With this rationale, a large number of patents have been granted in the US for software, and also business methods, primarily owned by large multinational corporations. Indian patent regime is not that liberal. In the recent past, the computer technology, as well as the mobile phone business, has seen excessive usage of patents held by different companies, which often compete with each other. Cross-licensing of patents is the new norm in the business and it is almost impossible to think of a new product like a smart-phone or a tablet which any company can manufacture on the basis of the patents owned by the company alone. Even as the company tries to do that, the final product would not be equipped with a large number of standard features which any ordinary product in that category comes loaded with, and in likelihood, will be ignored by buyers.
In this context, an Australian company – Alice Corporation – holding a software patent, is fighting a bitter legal battle with an American bank – CLS Bank – for the last six years, which may possibly come to an end this year with a judicial pronouncement by the American Supreme Court. The entire world is watching with great hope that the Supreme Court will finally clear the air regarding software patents in the United States, which surely will go a long way in providing some sort of understanding and direction to a large number of companies doing software business or other related businesses throughout the world.
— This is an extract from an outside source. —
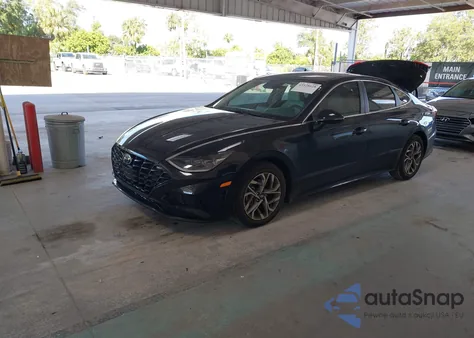 2023 Hyundai Sonata Sel from USA, damaged, VIN KMHL64JA4PA325566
The issue is simply interpreting again the black-letter patent law as to what things can be patented in the United States and what cannot be patented. In case the Supreme Court decides in favour of software patenting and maintains the status quo, business will continue as usual and large companies with deep pockets, in all probability, will continue getting mathematical algorithms patented by coming up with certain clever though extraneous practical application and using the services of highly specialised patent attorneys to somehow get a foot into the door of patentable subject matter. It will, however, give a new lease of life to what a good number of experts call as stifling innovation rather than encouraging small inventors and innovators, defeating the very purpose of the patent law.
In case the Supreme Court decides against software patenting, it would sound the death knell of enormous business all over the world. New rules of the game will be written as a lot of intellectual property owned by different companies would simply become zero in value. Experts and commentators who opine that American patent regime has in the last couple of years surely swung to the wrong extreme of the pendulum with the grant of ridiculous patents being exhibited very commonly would undoubtedly be very pleased. No tears should be shed.
What are the implications for India? Software companies in India depend very heavily on business from the United States and such a major decision from the United States Supreme Court is surely going to change the business landscape, making it necessary to come up with new strategies and align business strategy with legal strategy. Whatever the decision, it would not be possible for Indian businesses to ignore it. It’s going to be one of the good opportunities for the Supreme Court to clear the air and not to give confused message as was sent in the Bilski case in 2010 regarding business method patents.
Clarity and predictability are expected.